Kiebler v. Kiebler

170 Misc. 81 | N.Y. Sup. Ct. | 1939

Froessel, J.

This is a motion by plaintiff under rule 109 of the Rules of Civil Practice to dismiss the counterclaim of the defendant upon the ground that it is not one which may be properly interposed in the action. The plaintiff’s cause of action seeks a judgment of this court declaring that the plaintiff is divorced from the defendant herein; that a judgment of divorce which he obtained on the ground of desertion in the State of New Jersey against the present defendant, based on service by publication, be declared to be a valid decree and that the parties herein are, therefore, not husband and wife; and for an injunction restraining the defendant, among other things, from holding herself out as the wife of the plaintiff. The defendant, in addition to her denials, counterclaims and seeks a divorce upon the ground of adultery occurring after the alleged decree of divorce aforesaid.
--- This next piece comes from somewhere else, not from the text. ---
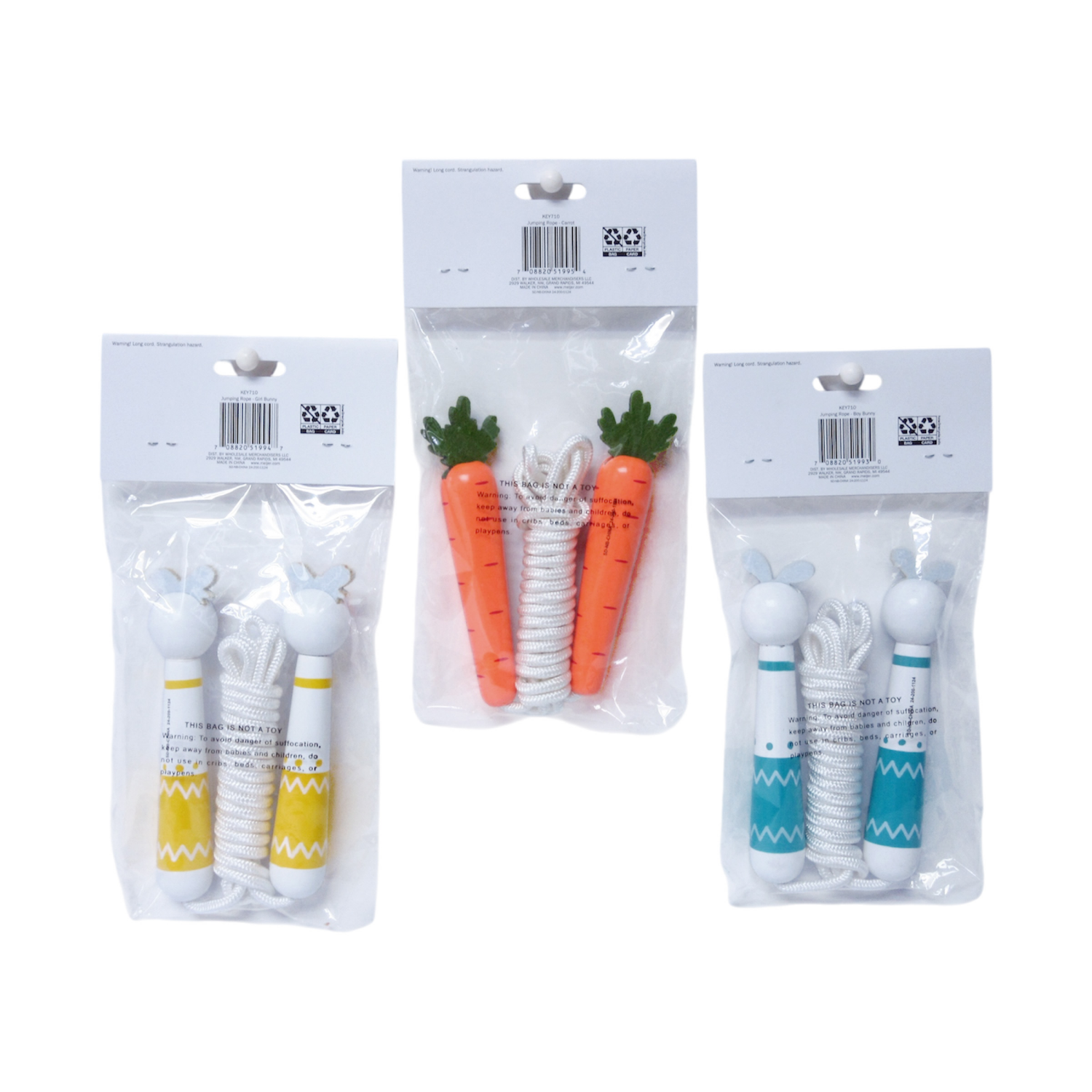 slide 2 of 2, Meijer Corporate Seasonal Meijer Easter Wooden Jumping Rope, 3 Assortments, 7 ft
There is grave doubt in my mind as to the sufficiency of the plaintiff’s complaint. (Somberg v. Somberg, 263 N. Y. 1; Newburger v. Lubell, 257 id. 383; James v. Alderton Dock Yards, 256 id. 298; Miller v. Miller, 219 App. Div. 61; affd., 246 N. Y. 636. See Rules Civ. Prac. rule 212.) Certainly, the courts of this State have clearly held that injunctive relief will not be granted in this character of action (Somberg v. Somberg, supra; Baumann v. Baumann, 250 N. Y. 382; Lowe v. Lowe, 265 id. 197); and while declaratory judgments have been granted, as in the two cases last cited, “ in order to establish the continuance of the plaintiff in her original marital state ” (Somberg v. Somberg, supra), I have been unable to find that an action for a declaratory judgment to establish the destruction of the marital state, based upon a foreign judgment of divorce on a ground other than adultery, obtained as in this case, has been upheld. The foregoing view would justify the denial of this motion, for it is elementary that “ he who does not so plead as to invite an issue cannot compel his adversary to so plead as to accept it ” (Baxter v. McDonnell, 154 N. Y. 432, 436); or, as it has been otherwise aptly stated, “ a bad answer is good enough for a bad complaint.” (New Amsterdam Casualty Co. v. National U. F. I. Co., 236 App. Div. 494.) However, inasmuch as no counter-motion under section 117 of the Civil Practice Act has been made, the court will make no disposition with regard to the complaint. (Kronman v. Kronman, 247 App. Div. 186.)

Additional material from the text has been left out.